July 15,2003

Statement of Senator Max Baucus Hearing on International Competitiveness:The View Beyond

Today’s hearing takes us one step closer to streamlining our sprawling international tax
laws. More than a year ago, Senators Graham, Hatch, Grassley, and I formed an International Tax
Working Group. The Working Group was put together to review our international tax laws and
make recommendations for improvement.

We focused on simplification of these laws, so that U.S.-based multinationals could compete
in the global economy. Achieving this goal will encourage American companies to remain in this
country, while creating jobs and promoting economic growth. Our international tax laws have not
kept up with the increased globalization of the economy. The Working Group has made great
strides toward pinpointing areas for reform. And I am pleased that these efforts reinforce the
objectives Senator Hatch and I have made in the past.

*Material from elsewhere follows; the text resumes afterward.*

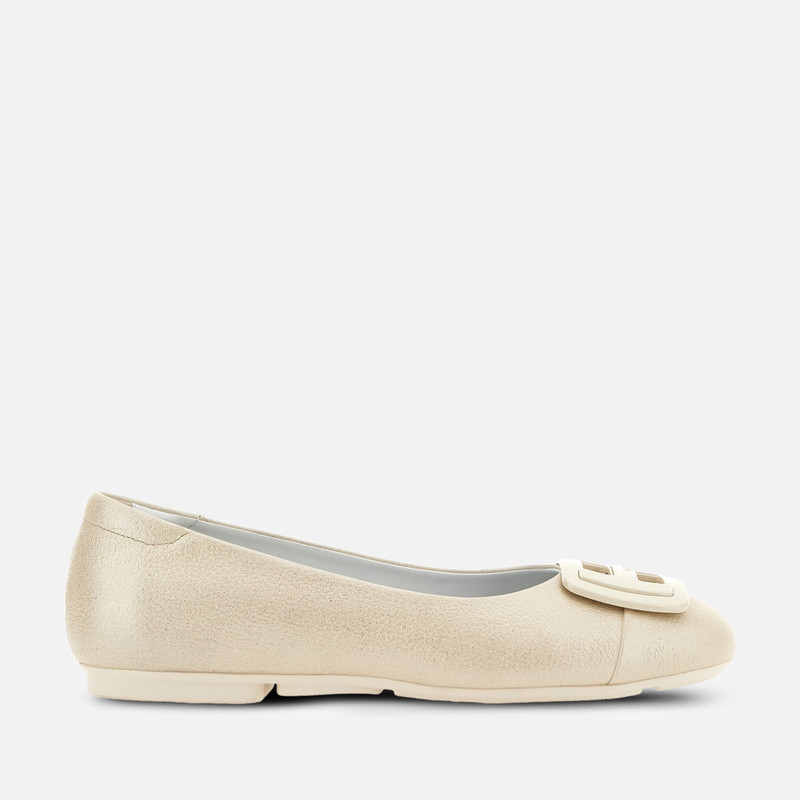 Ballerinas Hogan H661 1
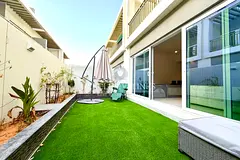 Gated Community | 3 Bedroom Townhouse | Vacant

And I am also pleased that today’s hearing turns an eye towards simplification. Today we
will address such complex tax laws as - anti-deferral regimes, the foreign tax credit and sourcing
and allocation rules. Reform in these areas would have a significant effect on U.S. companies
competing in the global marketplace. At last week’s hearing, we heard testimony about the decline
of the manufacturing sector and ways to help industry. Providing incentives to reverse this decline
and keep manufacturing jobs in the U.S. is not inconsistent with reforming our international tax
rules and making corporations more competitive.

Mr. Chairman, it is critically important to have laws that benefit, rather than penalize, U.S.
corporations competing globally with foreign counterparts. International tax reform is about
keeping jobs in America. And we need to ensure that the United States provides an environment
that U.S. corporations want to conduct business in - not an environment American businesses
choose to flee. Common sense would indicate that the more corporations headquartered – and
incorporated – in the U.S., the more jobs we have here at home.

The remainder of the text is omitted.